I am happy to announce that Michelle Feldman is joining the blog as co-curator of the legislation section.  Feldman is the Legislative Strategist at the Innocence Project and has been involved in numerous informant reform efforts across the country.  She is highly knowledgeable and will bring expertise and up-to-date insight to the blog.  We are lucky to have her!

Filed Under: Guest blogger, Innocence

Nebraska considered jailhouse informant reform

May 17, 2018 by Alexandra Natapoff

Earlier this year, Nebraska introduced legislation that would have enhanced protections against unreliable jailhouse informants, including reliability hearings, enhanced disclosure requirements, and mechanisms to keep track of the government’s use of such informants.  The text of the bill (which is currently on hold) is here; story in the Lincoln Journal Star is here. 

Filed Under: Innocence, Jailhouse Informants, Legislation

The developing science of informant cognition

May 5, 2018 by Alexandra Natapoff

Behavioral psychologists have been studying the informant phenomenon, especially the thorny question of why jurors believe unreliable informants even when they know that the informants have strong incentives to fabricate evidence.  Some of those studies can be found here in the Resources & Scholarship section.

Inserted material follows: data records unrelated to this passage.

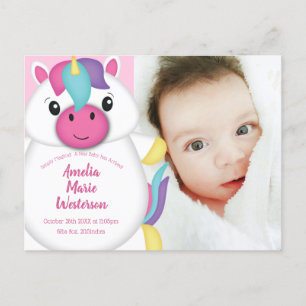 Unicorn Baby Birth Announcement Photo Postcard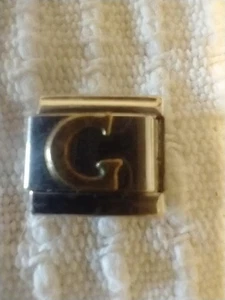 3/8"FIRENZE INITIAL LETTER"G"ITALIAN METAL CHARM~SILVERTONE~3D~ZOPPINI LIKE~GOLD - Picture 1 of 2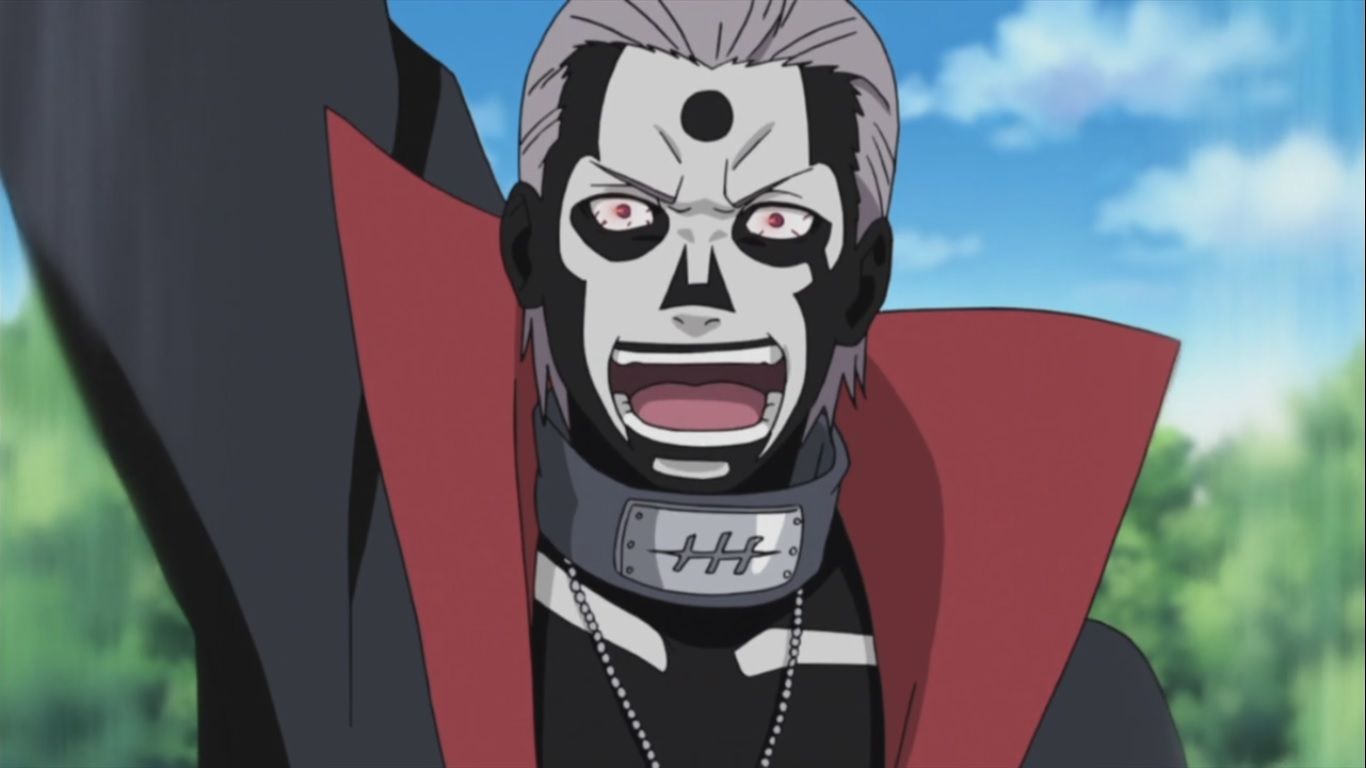 Hidan laughs in his ceremonial makeup in Naruto Shippuden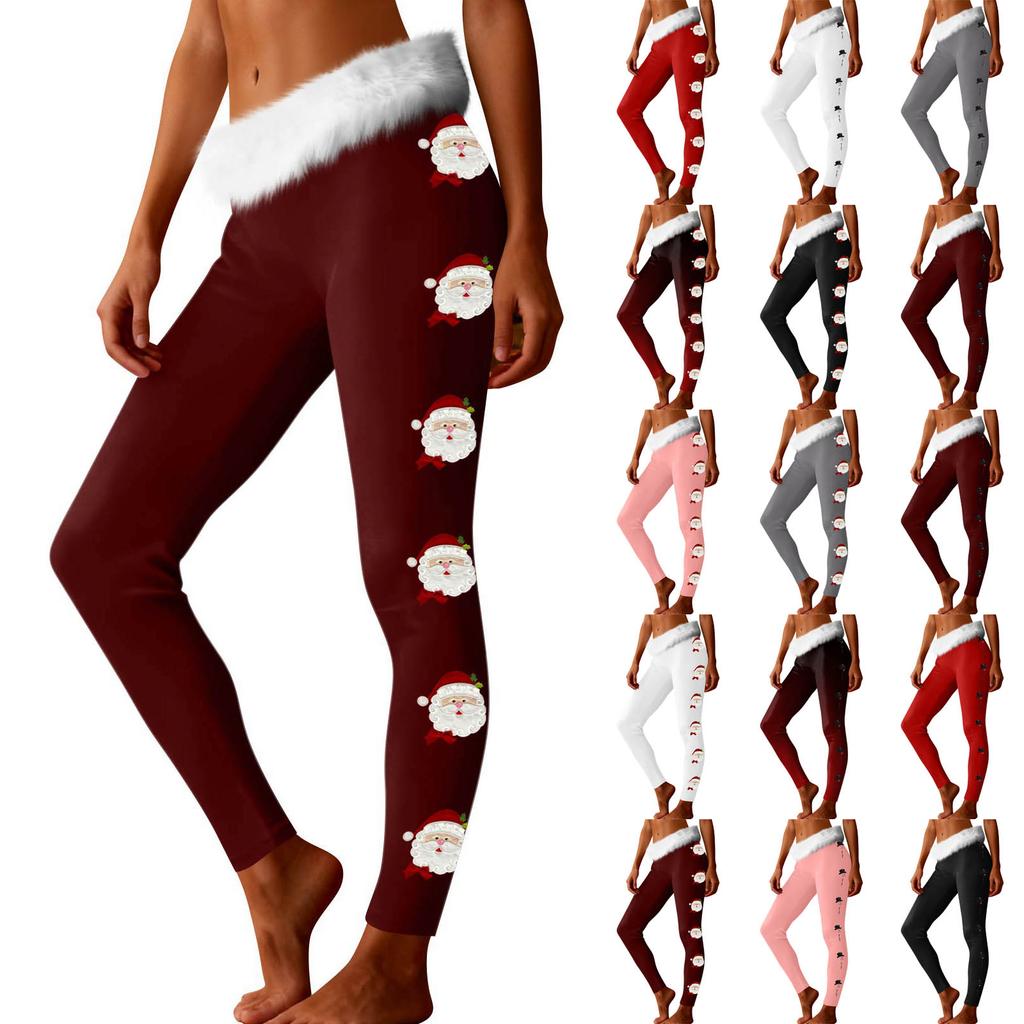 Women's Fashion Casual Fleece-Lined Patchwork Print Straight-Leg Pants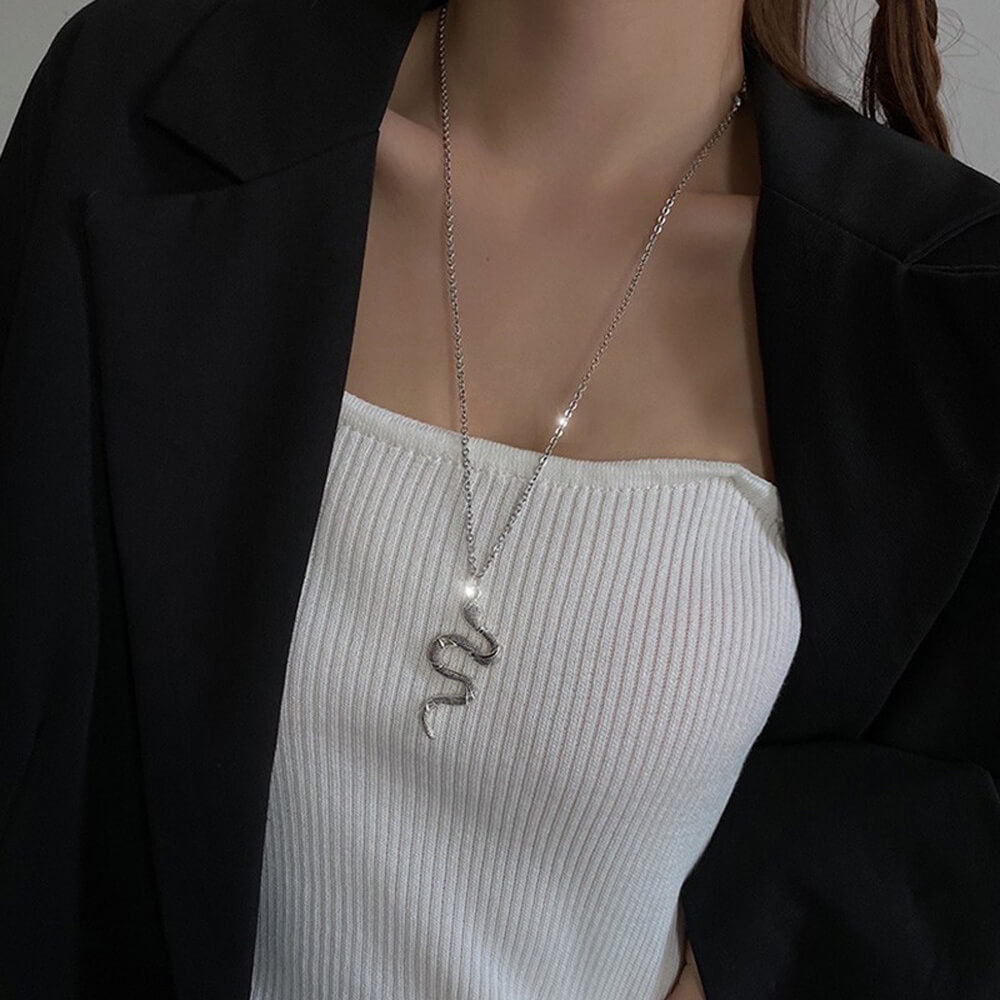 Snake Pendant Necklace With Link Chain. Shop Jewelry on Mounteen. Worldwide shipping available.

A group of researchers recently published this study finding that information from an informant can affect other witnesses in a case. Specifically, the study found that eyewitnesses who identified suspects in a line-up actually changed their identifications after learning that a jailhouse informant had implicated a different suspect.  Here is the abstract:

“Prior research has shown that primary confession evidence can alter eyewitnesses’ identifications and self-reported confidence. The present study investigated whether secondary confession evidence from a jailhouse informant could have the same effect. Participants (N = 368) watched a video of an armed robbery and made an identification decision from a photo lineup. Except for those in the no-feedback conditions, all participants then read that certain lineup members either confessed to the crime, denied involvement, or were implicated by a jailhouse informant. Jailhouse informant testimony implicating the identified lineup member led participants to have significantly higher confidence in their identification. In contrast, jailhouse informant testimony that implicated a lineup member other than the identified led participants to have significantly lower confidence in their initial identification, and 80% of these witnesses changed their identification. These results indicate that jailhouse informant testimony can influence eyewitnesses’ confidence and their identification decisions.”

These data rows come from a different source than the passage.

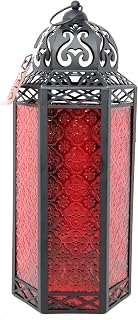 Vela Lanterns Portavelas decorativo marroquí extragrande, color rojo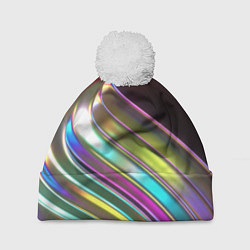 Шапка с помпоном Неоновый крученный металл разноцветный, цвет: 3D-белый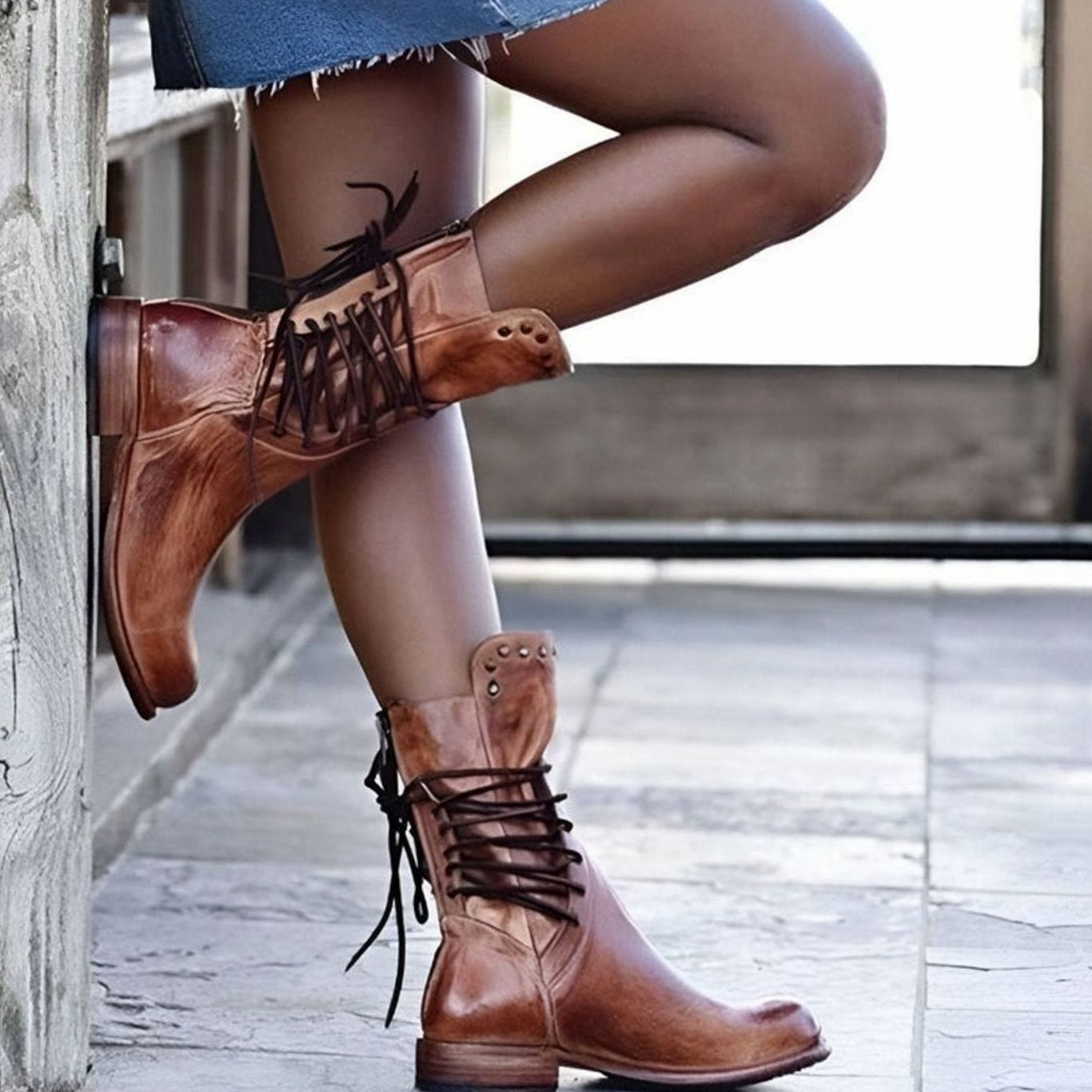 Cassie | Women's Block Heel Leather Look Ankle Boots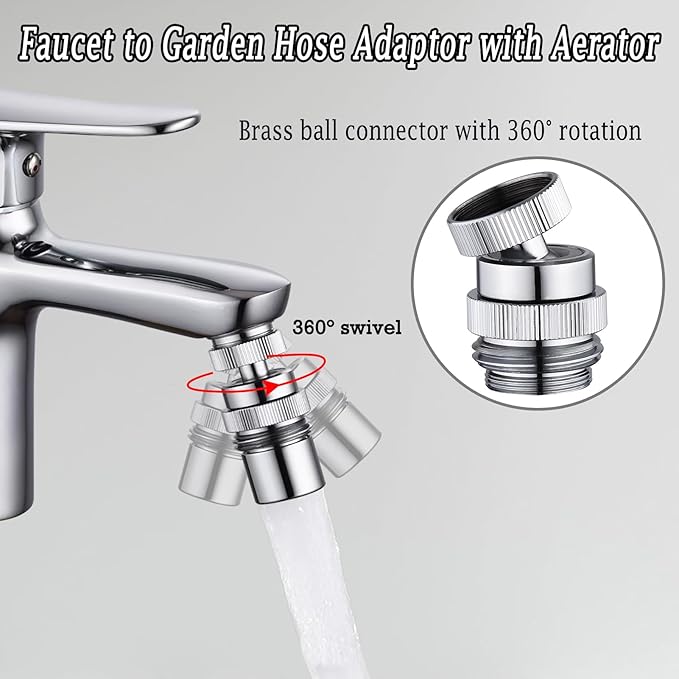 Faucet Adapter with Aerator, Sink Faucet to Garden Hose Adapter, Kitchen/Bathroom Fuacet Adapter to Garden Hose, Sink Hose Attachment for Faucet Adapter Connector, Chrome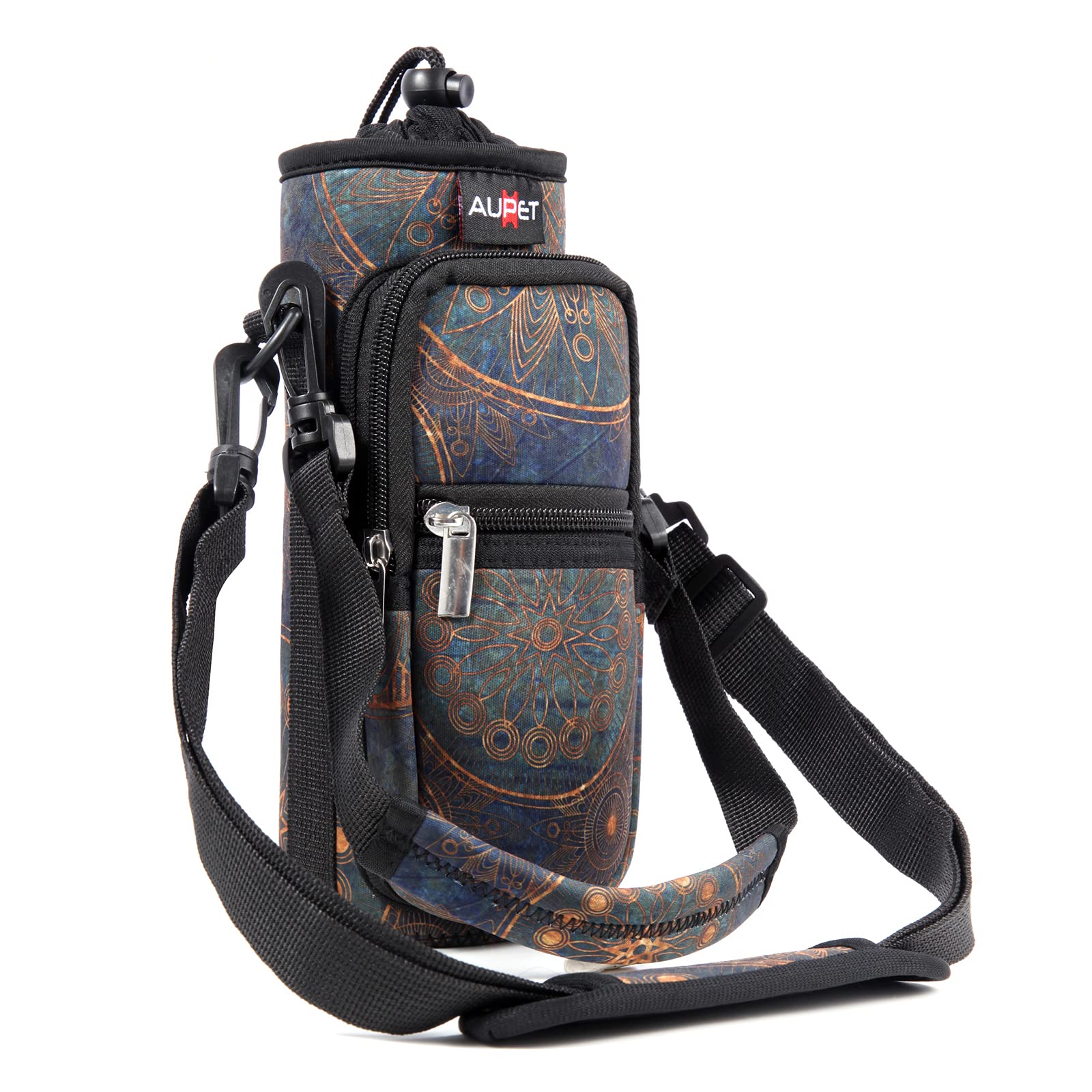 AUPET Water Bottle Sling Bag Sleeve Holder Carrier 25/32/40/64 oz,Insulated Crossbody Water Bottle Case Cover with Strap and Pockets for Men/Women Walking Hiking Camping (40oz, stylish)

Preston M. Mote & Jeffrey S. Neuschatz & Brian H. Bornstein & Stacy A. Wetmore & Kylie N. Key, Secondary Confessions as Post-identification Feedback: How Jailhouse Informant Testimony Can Alter Eyewitnesses’ Identification Decisions, Journal of Police and Criminal Psychology (2018).

We already know that informant testimony can arise to bolster weak cases, providing corroboration for faulty forensic evidence or uncertain eyewitness identifications.  This new study suggests that in addition to bolstering, informant testimony can actually alter other witnesses’ testimony. 

Filed Under: Forensics, Jailhouse Informants, Science

Test your knowledge of jailhouse snitches

May 5, 2018 by Alexandra Natapoff

The Orange County scandal has kept public attention focused on the jailhouse informant phenomenon.  This quiz published in The Marshall Project assembles some dramatic examples, and reminds us of the wide variety of benefits that informants receive, how little regulation the Supreme Court has imposed on the practice, and how easy it is for informants to collude with each other.